China's Trade Resilience Shines Despite Middle East Turmoil

Deep News04-14

A "global living room that never closes." This is how Miao Xiaoli, an entrepreneur with over two decades of experience in Yiwu, describes the ongoing transformation. The business conducted in this "living room" represents one of the three key drivers of the Chinese economy: foreign trade. However, in the spring of 2026, this rapidly advancing sector encountered a significant disruption caused by distant conflict.

At a press conference held by the State Council Information Office on April 14, Lü Daliang, spokesperson for the General Administration of Customs and Director of the Department of Statistical Analysis, reported that data showed China's imports and exports with the Middle East shifted from growth in the first two months to a decline in March. The primary cause is the ongoing conflict in the Middle East. Since the military strike by the United States and Israel against Iran on February 28, the Strait of Hormuz has been effectively blocked for over 40 days.

This strait is a critical artery for global goods and energy trade. According to a report from the UN Conference on Trade and Development, the strait facilitates 25% of global seaborne oil trade, 19% of liquefied natural gas trade, 29% of liquefied petroleum gas trade, and 13% of related chemical trade, making it one of the world's most vital maritime chokepoints. The blockage of this strategic passage has left global trade struggling for breath. Analysis from the UN body indicates that since the outbreak of hostilities involving Iran, fuel prices have surged and remained high, while oil transportation costs have increased significantly. These factors are propagating through supply chains, elevating the costs of global goods production and transportation, with worldwide merchandise trade expected to potentially decline substantially.

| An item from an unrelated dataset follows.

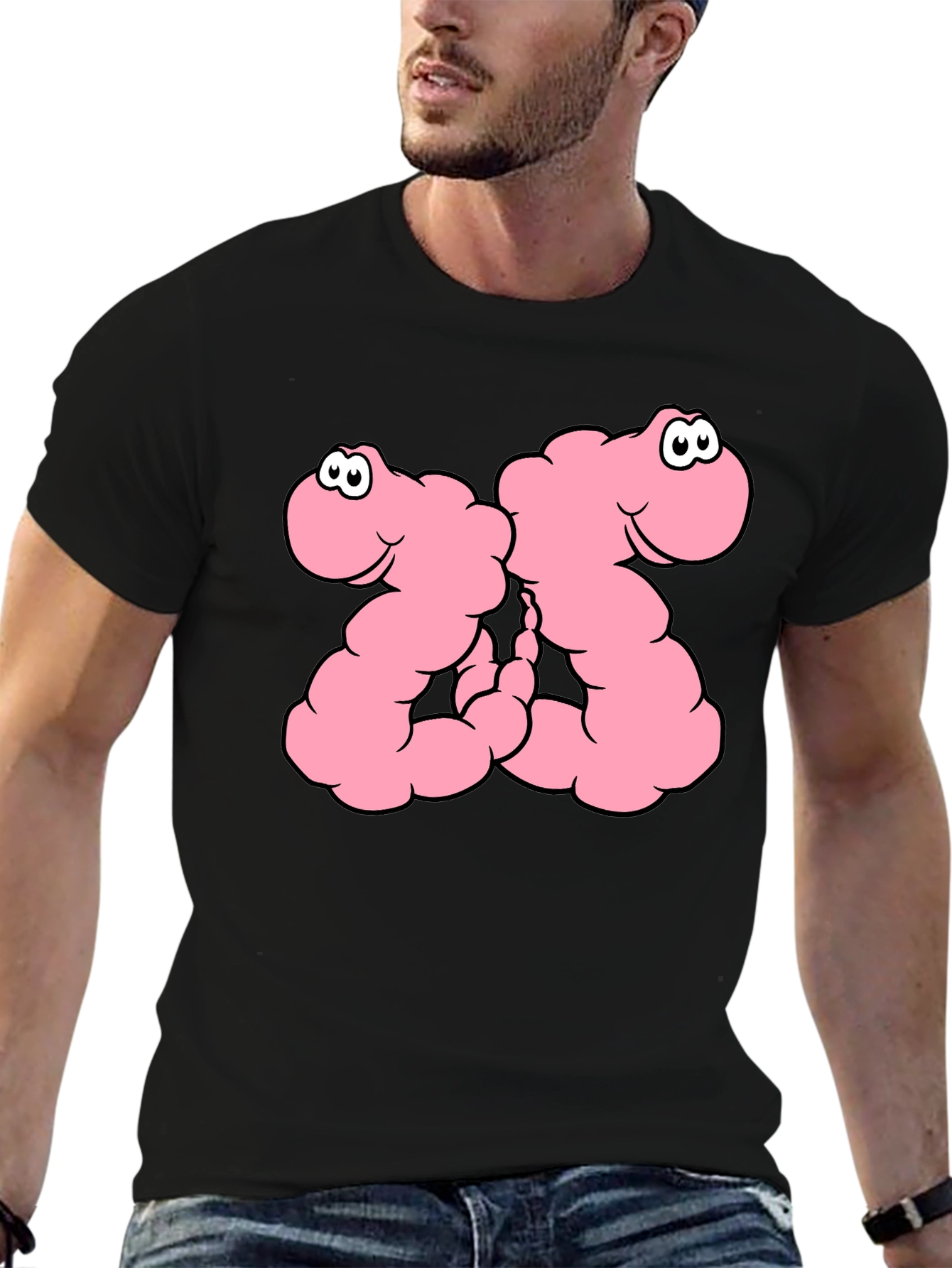 Funny Worms Black T-Shirt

The World Trade Organization (WTO) has recently significantly downgraded its growth forecast for global merchandise trade. WTO Chief Economist Robert Staiger analyzed that if oil prices remain elevated throughout 2026, the growth rate of global merchandise trade could drop from 1.9% to approximately 1.4%. The growth rate for trade in services might also decrease from a baseline forecast of 4.8% to 4.1%.

Despite this challenging environment, China's foreign trade performance for the first quarter delivered a surprisingly positive report. Customs statistics show that in the first quarter of this year, China's total goods trade imports and exports reached 11.84 trillion yuan, a year-on-year increase of 15%. Wang Jun, Vice Minister of the General Administration of Customs, stated that exceeding 11 trillion yuan in quarterly import-export value is a first for the period, and the quarterly growth rate is the highest in nearly five years.

This naturally raises the question: with business in the Middle East shrinking, how did China achieve a record performance? The answer lies in two words: resilience. This resilience is built upon three key pillars.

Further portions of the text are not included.